Every entry should come back exactly as written, minus the pictures.

►

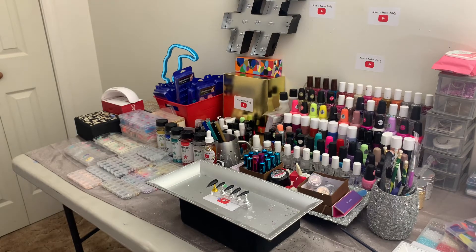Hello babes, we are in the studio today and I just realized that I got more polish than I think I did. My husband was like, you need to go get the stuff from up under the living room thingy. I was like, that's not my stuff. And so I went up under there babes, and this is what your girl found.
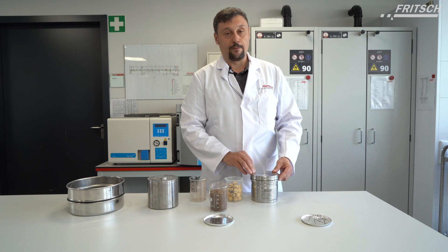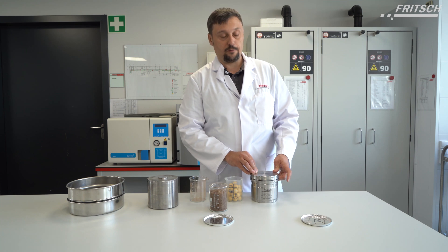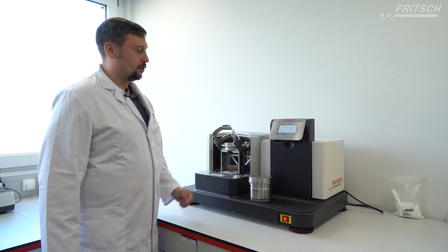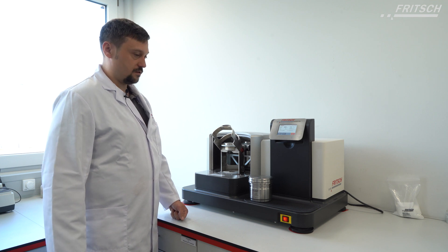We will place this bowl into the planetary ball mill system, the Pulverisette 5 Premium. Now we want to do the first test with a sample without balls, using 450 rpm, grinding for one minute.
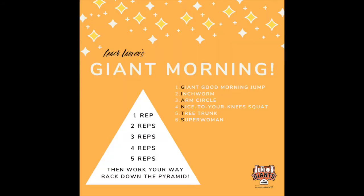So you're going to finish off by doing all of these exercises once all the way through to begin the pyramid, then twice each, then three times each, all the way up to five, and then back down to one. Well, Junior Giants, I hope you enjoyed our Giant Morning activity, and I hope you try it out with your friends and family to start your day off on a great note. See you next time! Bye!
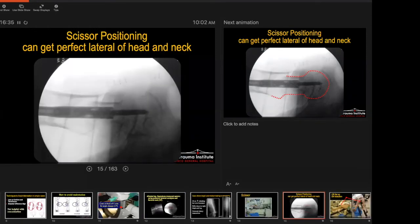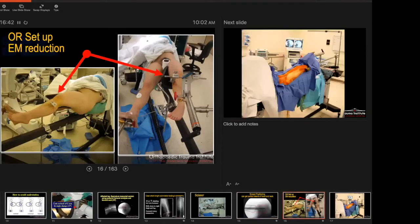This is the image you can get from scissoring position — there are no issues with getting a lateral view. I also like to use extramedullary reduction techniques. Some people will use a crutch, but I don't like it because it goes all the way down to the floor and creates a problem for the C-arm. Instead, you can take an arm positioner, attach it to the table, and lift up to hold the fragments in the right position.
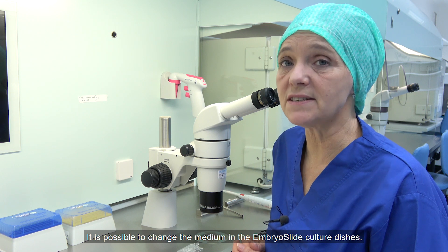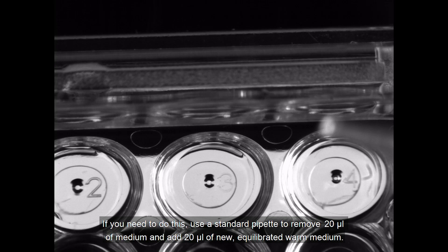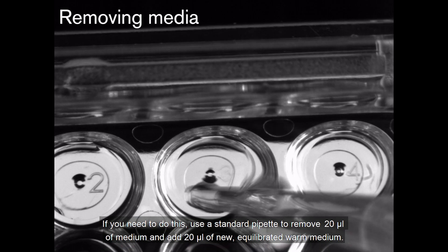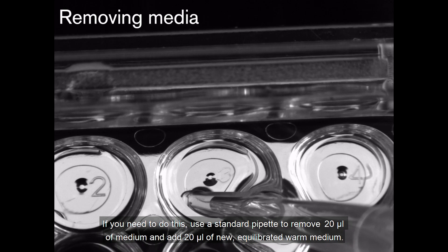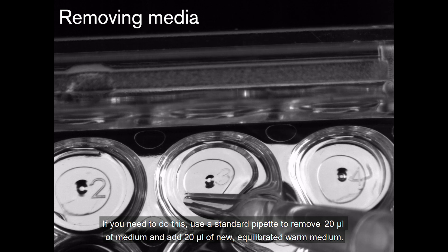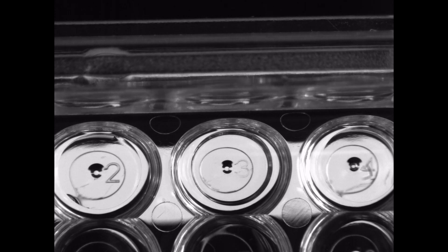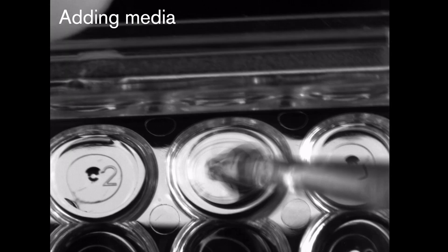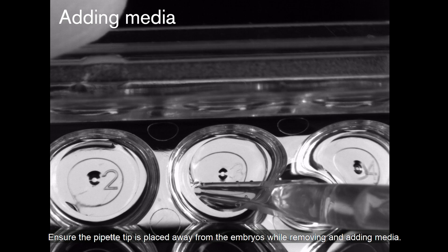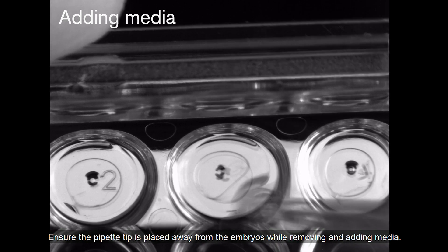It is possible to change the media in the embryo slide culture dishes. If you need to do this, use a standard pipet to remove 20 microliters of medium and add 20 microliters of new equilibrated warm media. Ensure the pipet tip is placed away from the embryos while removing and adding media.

◄

* _Reply_:
Hello babes, we are in the studio today and I just realized that I got more polish than I think I did. My husband was like, you need to go get the stuff from up under the living room thingy. I was like, that's not my stuff. And so I went up under there babes, and this is what your girl found.
We will place this bowl into the planetary ball mill system, the Pulverisette 5 Premium. Now we want to do the first test with a sample without balls, using 450 rpm, grinding for one minute.
So you're going to finish off by doing all of these exercises once all the way through to begin the pyramid, then twice each, then three times each, all the way up to five, and then back down to one. Well, Junior Giants, I hope you enjoyed our Giant Morning activity, and I hope you try it out with your friends and family to start your day off on a great note. See you next time! Bye!
This is the image you can get from scissoring position — there are no issues with getting a lateral view. I also like to use extramedullary reduction techniques. Some people will use a crutch, but I don't like it because it goes all the way down to the floor and creates a problem for the C-arm. Instead, you can take an arm positioner, attach it to the table, and lift up to hold the fragments in the right position.
It is possible to change the media in the embryo slide culture dishes. If you need to do this, use a standard pipet to remove 20 microliters of medium and add 20 microliters of new equilibrated warm media. Ensure the pipet tip is placed away from the embryos while removing and adding media.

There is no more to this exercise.